Indien een onderneming of een groep op de balansdatum twee van de drie in de leden 1 tot en met 7 genoemde criteria overschrijdt of niet meer overschrijdt, heeft dit voor de toepassing van de in deze richtlijn bedoelde afwijkingen slechts gevolg indien deze omstandigheid zich gedurende twee achtereenvolgende boekjaren voordoet.
Het in de leden 1 tot en met 7 bedoelde balanstotaal bestaat hetzij uit de totale waarde van de activa bedoeld onder de posten A tot en met E onder "Activa" in de balansindeling zoals vastgesteld in bijlage III, hetzij uit de activa bedoeld onder de posten A tot en met E in de balansindeling zoals opgenomen in bijlage IV.

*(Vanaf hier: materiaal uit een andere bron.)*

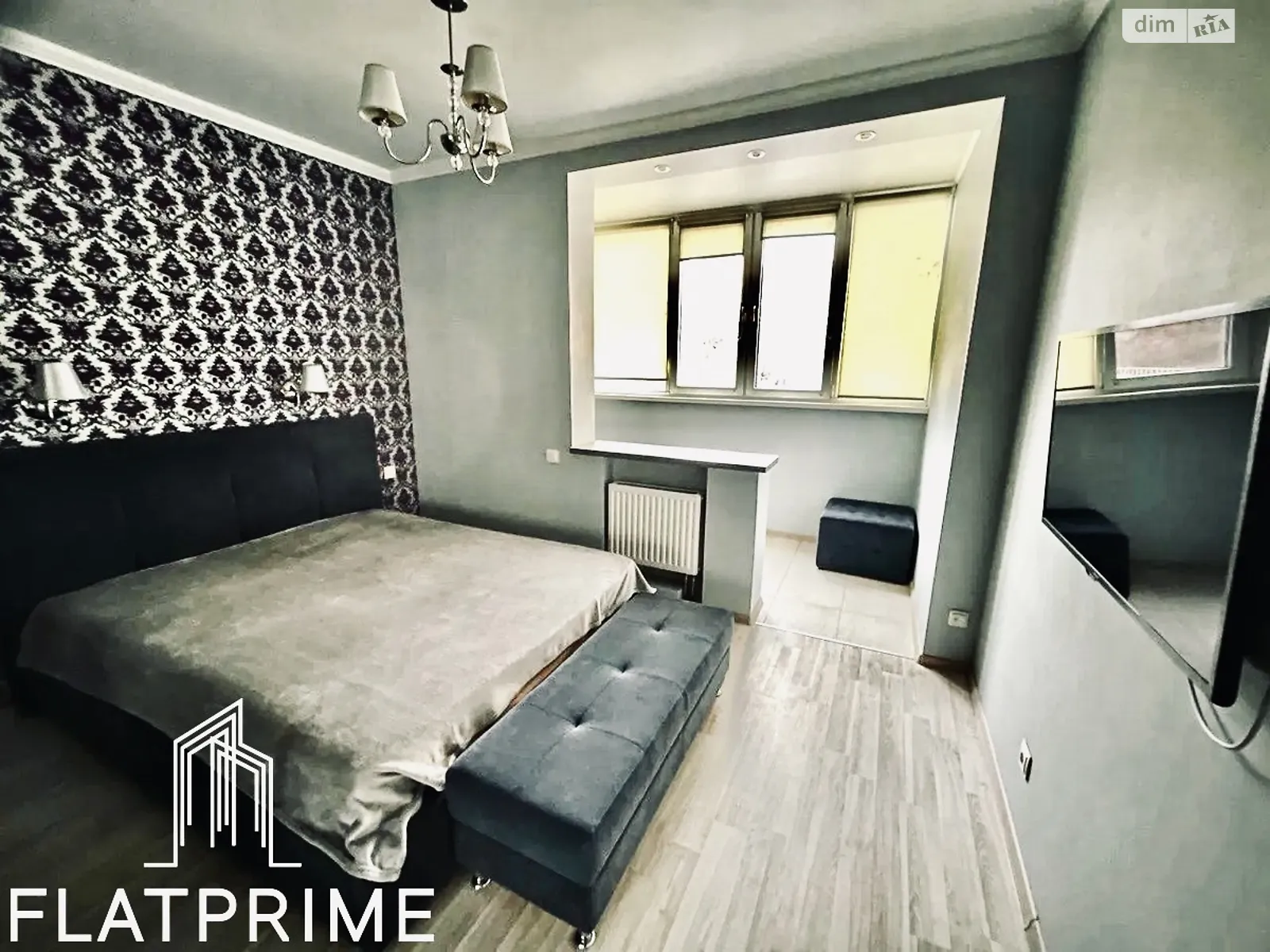 Продається 1-кімнатна квартира 51 кв. м у Києві, вул. Саперно-Слобідська, 24 - фото 1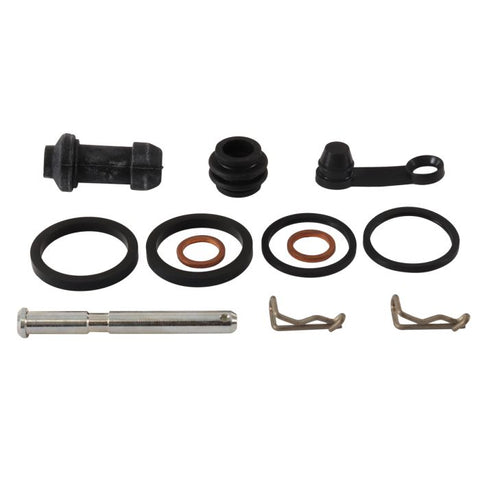 Brake caliper rebuild kit components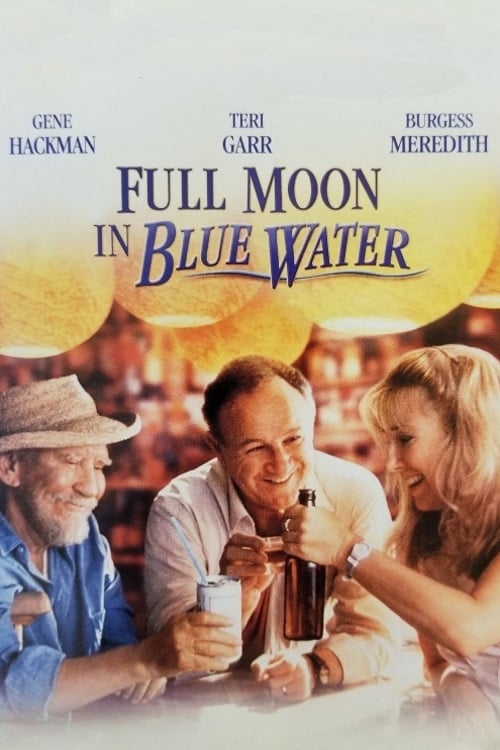 Full Moon in Blue Water - Movie Poster Full Moon in Blue Water - Movie Poster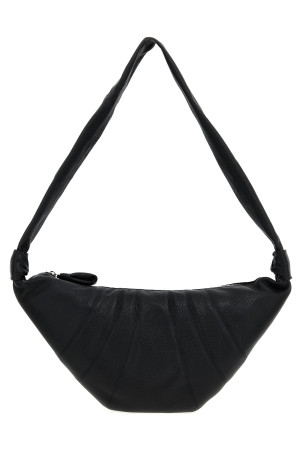 'Medium Croissant' shoulder bag Black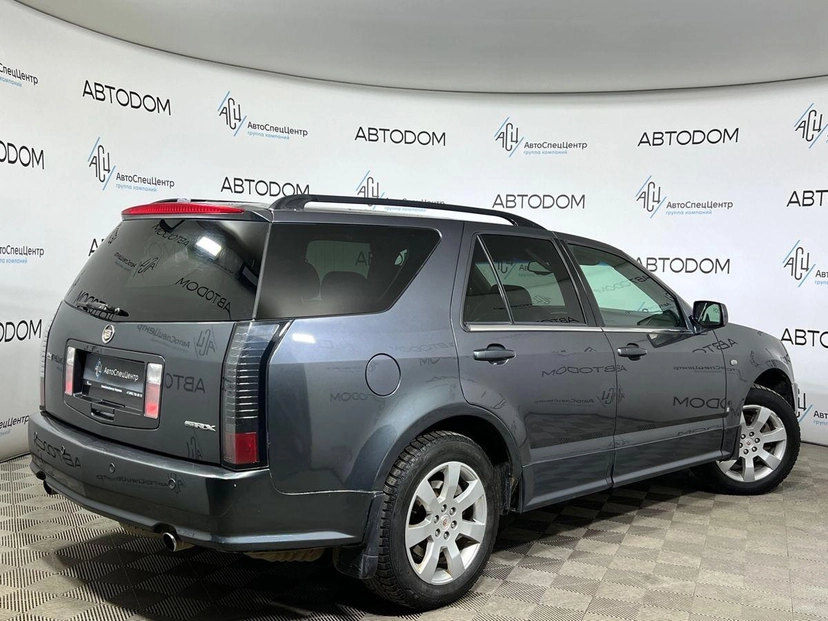 Автомобиль Cadillac SRX I поколение 3.6 AT 4WD (255 л.с.) Base Серый 2007 с пробегом 261 694 км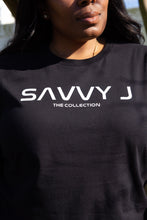 Load image into Gallery viewer, Adult Signature Black Tee
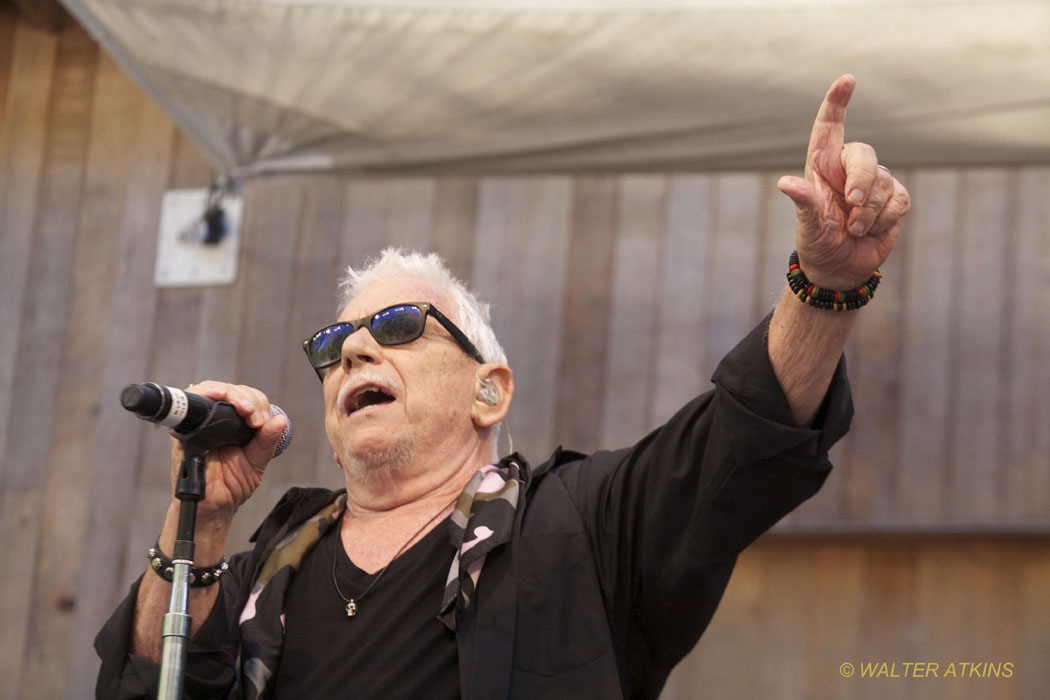 Eric Burdon At Stern Grove Festival 2017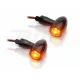 Semnalizator V Parts aluminiu led set transparent universal ST-01262-2LED
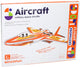 Jeu de construction d'avion avec hélice fonctionnelle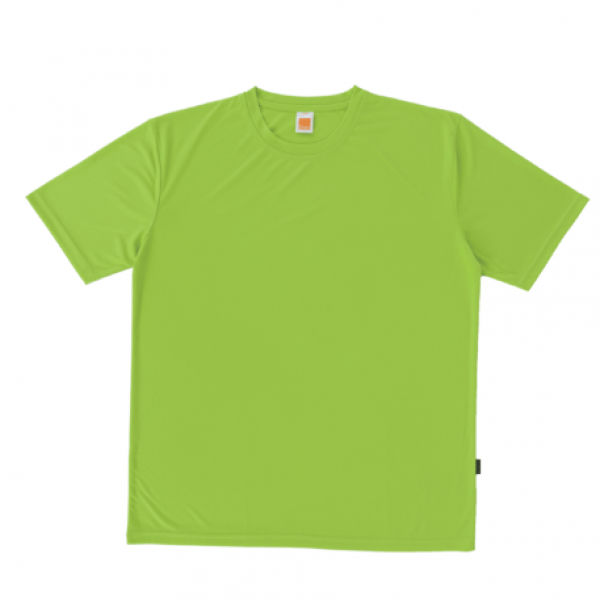 Quick Dry Round Neck Tee Apparel QD5613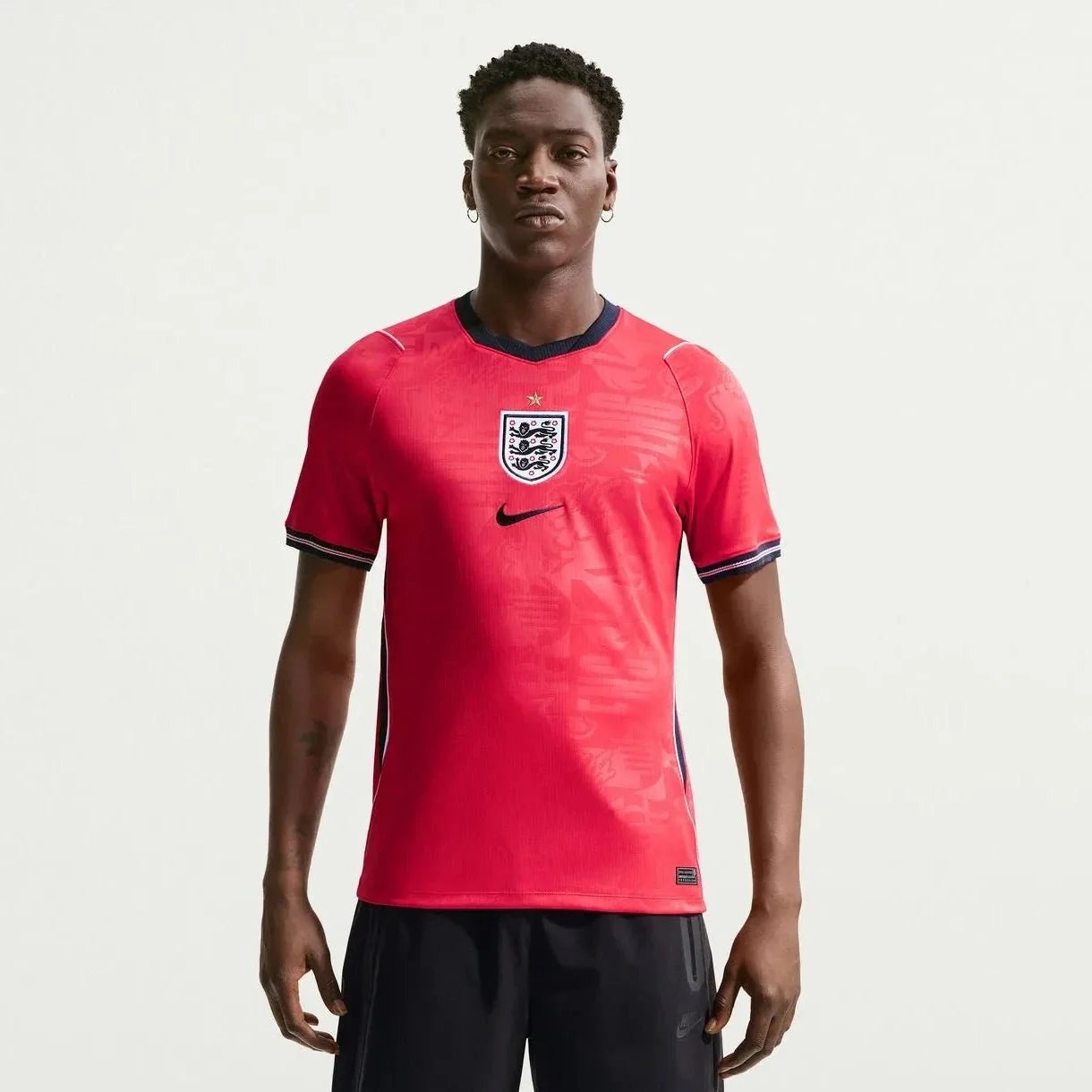 Nike 2026 England Men's Stadium Away Soccer Jersey 3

Voor de berekening van de in de leden 1 tot en met 7 vermelde drempelwaarden kunnen de lidstaten eisen dat ondernemingen waarvoor de netto-omzet niet relevant is, inkomsten uit andere bronnen omvatten. De lidstaten kunnen eisen dat moederondernemingen hun drempelwaarden niet op individuele basis maar op geconsolideerde basis berekenen. De lidstaten kunnen ook eisen dat verbonden ondernemingen hun drempelwaarden op geconsolideerde of op geaggregeerde basis berekenen indien dergelijke ondernemingen zijn opgericht met als enig doel de verslaggeving van bepaalde informatie te ontwijken.
De Commissie evalueert ten minste om de vijf jaar de in de leden 1 tot en met 7 van dit artikel bedoelde drempelwaarden met het oog op aanpassing aan de gevolgen van de inflatie en stelt, waar passend, overeenkomstig artikel 49 gedelegeerde handelingen tot wijziging van die drempelwaarden vast, rekening houdend met de inflatiemaatstaven als gepubliceerd in het Publicatieblad van de Europese Unie.